I found these line tests on youtube this morning. Seeing as my friend "exit" does this sort of thing all the time I thought I'd show it to anyone who wants to look and write a little about this film.




This is the first of a series of 5 pencil tests on youtube for the character "Doppler", voiced by none other than David Hyde Pierce (aka Niles from Frasier). I really like him as a character and watching this reminded me I really want to see the whole film again.

So, I looked some more on youtube and found it. You should watch it, I'll write about it at the bottom so you can read it when you're done.



...aaaaaaand that's it.

I remember watching this movie as a kid and being consciously aware of the fact that Disney was on it's way out in terms of 2-D animation. I think I first became aware of it when I was at McDonalds when they did a happy meal toy range of characters from the film - in fact, there's a whole slew of more recent Disney films that I never saw but was initially introduced to the characters via Disney's willingness to shake hands with the most hated fast food company on earth. Things like (in no particular order) The Hunchback of Notre Dame, Atlantis, Brother Bear and The Road To El Dorado all fit in this category, and I never saw any of them. However, seeing as Treasure Planet was set in space and featured cyborgs and lasers and such I was probably more eager to ask my dad to take me to see it.

I think seeing I haven't watched any of the aforementioned films puts me in a poor position to judge the movie next to its contemporaries, but I think for Disney in general it's really good.

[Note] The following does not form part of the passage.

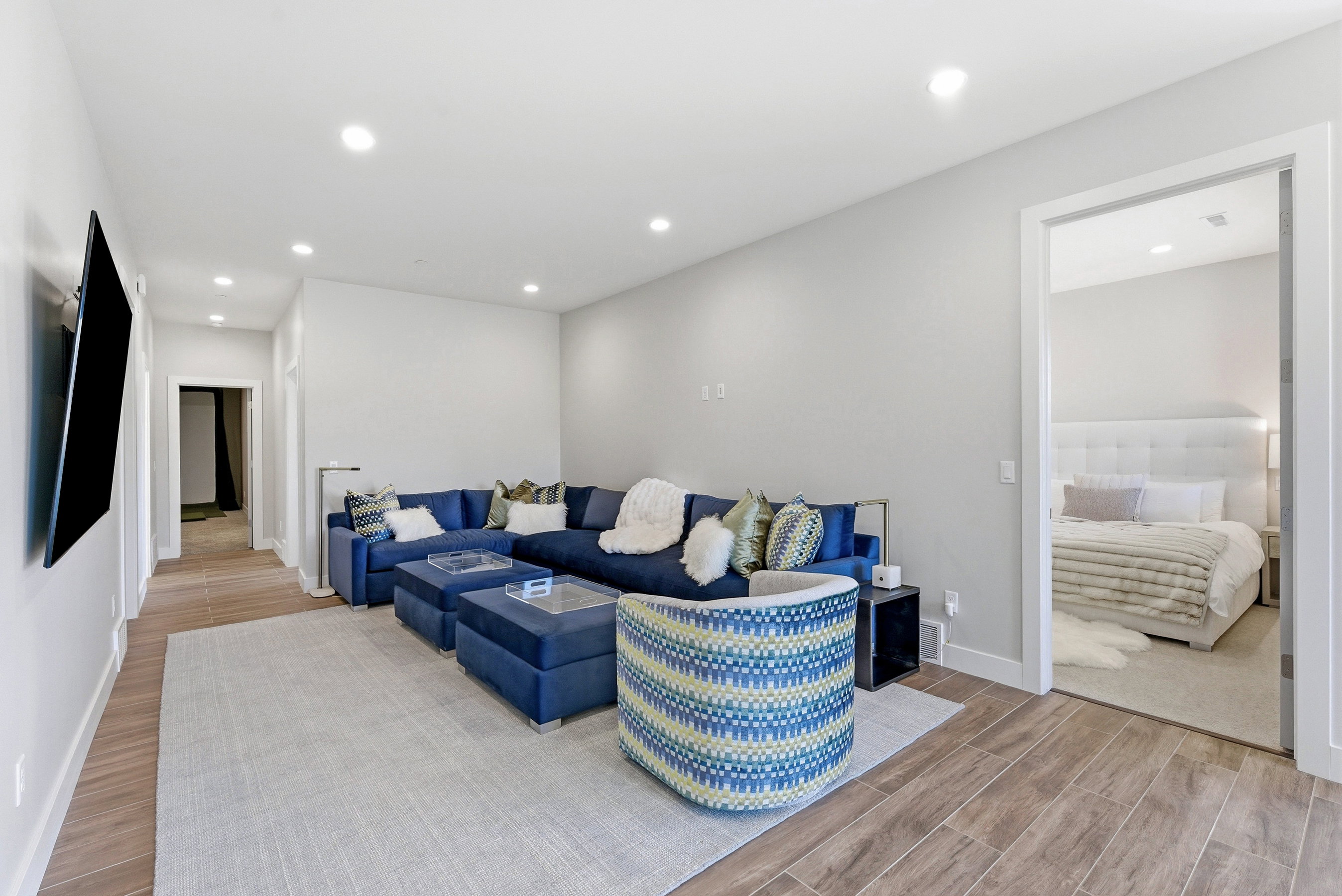 Open concept area with recessed lighting and wood-finish flooring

If you've ever seen Titan A.E. (a movie 2 years senior to Treasure Planet , and made by rotoscope-happy Don Bluth) it takes the "cool" animated sci-fi elements from it and makes them into something a little more stylish if less serious as a whole. Titan A.E. makes an attempt at being a "serious" post-apocalyptic story, Treasure Planet is seemingly beyond any ordinary human timeline, and doesn't stop to take questions.

Regardless of the light-heartedness of the plot and silliness of some of the supporting characters the main cast are really likeable for an animated film. Besides the main character Jim, a disappointing, charmless void where a protagonist ought to have been, all the other main plot characters are both gloriously well animated and often genuinely intruiging - Long John Silver, for example, manages to be the most interesting villain-but-not-quite-a-villain I've seen in a film for a long time, and seeing him lug that enourmous mechanical arm around to the bass tones of Brian Murray's best "oirish poirate" voice was one of the most satisfying animated experiences since, I don't know, James Woods' Hades or something. I just think he's a really well acted character. Captain Amelia manages to be literally the hottest squirrel-woman-captain committed to film, and I thought her delightfully un-plot-relevant romance with Doppler was sweet. Finally, B.E.N., who could have easily been made into some sort of wacky Aladdin's Genie ripoff, was instead, again, really pleasingly animated and given some of the funniest lines in the film. In light of all these, Jim Hawkins barely gets a word in and is drawn with a stupid haircut, coming across as a meaninglessly "cool" young male protagonist who was basically tacked on so he could be on the posters and the dvd boxart.

In most other ways, I think it's a well-designed, attractive, fun kids' movie.

2 comments:

escapecomplex said...

AHEM-HEM.

"The Road to El Dorado" is Dreamworks before they went on a crappy 3D films bender, you philistine, you.

unsummon said...

haha, wow. I submit to your superior animator historian intellect.